Oggi lo stesso interviene in merito al dibattito sull’approvazione del nuovo Piano Urbanistico Comunale ed afferma “non si può procedere ad approvare il nuovo Puc le cui linee programmatiche e gli indirizzi generali sono stati approvati da una giunta comunale, l’ultima in ordine di tempo, che è stata caratterizzata da arresti eccellenti, in primis dell’ allora sindaco, anche se afferenti a fatti di altra natura, ma pur sempre legati alla gestione del Comune di Maddaloni. Per quanto concerne il Puc , non possiamo non tenere in debita considerazione che le principali città della Provincia di Caserta e che devono ancora approvare il loro piano e che sono state chiamate alle urne , hanno beneficiato di una proroga da parte della Regione Campania. Pertanto anche Maddaloni deve chiedere ed ottenere una proroga dalla Regione perché non si possono approvare le linee guida e gli indirizzi stabili da una giunta in cui il capo dell’ amministrazione comunale e altri sono stati oggetto di misure restrittive”.

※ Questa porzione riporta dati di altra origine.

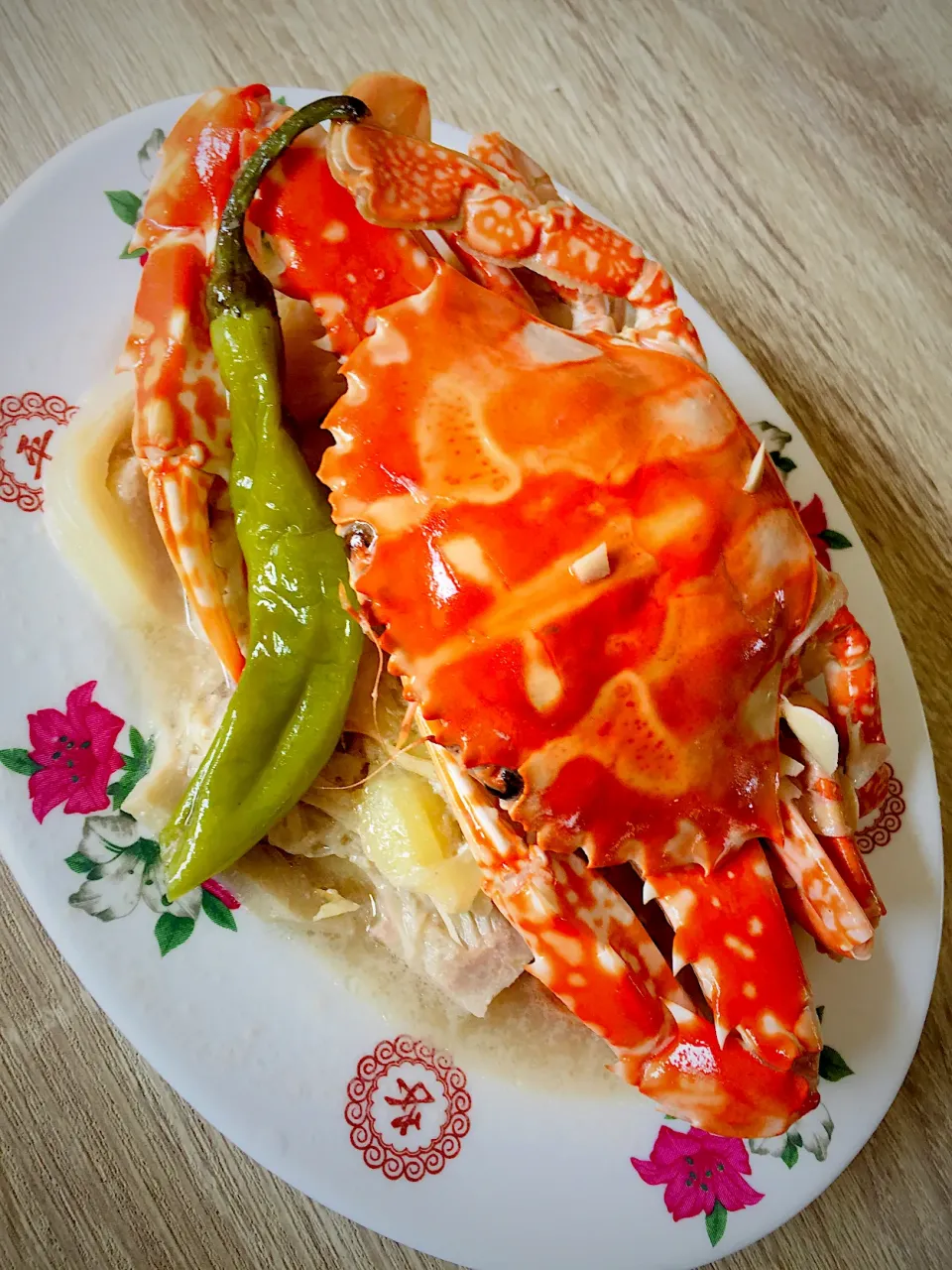 Snapdishの料理写真:Spicy Crab and Jackfruit vegetable in Coconut Milk 🇵🇭|Maribel Pasugnodさん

Luigi Bove, inoltre, afferma che “la fase dell’ascolto, del dialogo con la città e le associazioni di categoria non vi è stato minimamente e quindi la città non è stata coinvolta. Io formulo un appello pubblico al commissario prefettizio che regge il comune di Maddaloni di chiedere una proroga per evitare la nuova stagione de «le mani sulla città». Il Puc deve essere aperto alla cittadinanza e quindi ciò non è stato e occorre bloccare e rimandare il tutto”.
Quanto evidenziato da Bove sicuramente pone interrogativi interessanti che dovrebbero vedere l’intervento ed il coinvolgimento di tute le forze della Città, di quelle forze della Città interessate alla crescita della stessa.